While Publicis Media's Steve King dismisses the reference that the Groupe's much-hyped intelligence platform Marcel is simply "Alexa for business," he says the project's origination came from a survey that identifies email as a key frustration point for the Groupe's 800,000 employees.
King’s comments were delivered during AdExchanger's Industry Preview on January 18. During a discussion with Pivotal Research Group's Brian Weiser, King said that employee churn -- specifically Millennial talent -- is a "huge issue" for the Groupe. Millennials spend their time using many different platforms to order food, book vacations, and to generally make their day-to-day lives more efficient, yet the holding company’s own internal communications are rooted in the dark ages relatively speaking.

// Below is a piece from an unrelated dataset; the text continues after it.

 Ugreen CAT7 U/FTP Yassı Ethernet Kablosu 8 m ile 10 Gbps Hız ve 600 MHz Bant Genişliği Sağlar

"What was the thing we could most give back to employees?" King said. The answer Publicis came up with was Marcel, King noted, adding that the Groupe needed to prioritize this investment by hitting "pause" on many marketing activities this year, such as the Cannes Festival Of Creativity.
While it remains to be seen whether Marcel will prevail as a HR game-changer, King says the platform is now helping the Groupe win new clients as a key differentiator to its holding company rivals.
In addition, diversity remains a "real business issue," says King. While Publicis develops programs internally, clients are also becoming proscriptive. Diversity was a key criteria that helped the Groupe win the USAA account with the client’s insistence that the account team be comprised of at least 30% female and multicultural members. This mandate followed the controversial chapter in USAA’s relationship with its previous agency Campbell Ewald when a racist email was circulated by one of the shop’s employees.
Meanwhile, the ANA investigation into transparency concerns that resulted in a dramatic upturn in the number of media audits in the U.S. didn't impact revenue growth and result in any client loss, King says. "Trust had been fortified and allowed us to have a stronger position."
One change stemming from the transparency debate, King said, is that clients are now preemptively issuing RFPs with clearer language spelling out expectations, goals, and even fees. "We welcomed this shift,” he says.
King also defended the $3.7 billion acquisition of Sapient in 2015, although he admitted it was a "very lumpy acquisition." Sapient, he says, was one of those mega deals that provided a "step change" for the network and his portfolio, in particular. He said that Marcel would not have been developed without the Sapient platform. In addition, both "horizontal growth" and "several business wins" would not be happening without Sapient technologies. "Could we be building [and growing] without Sapient? Absolutely not," he said.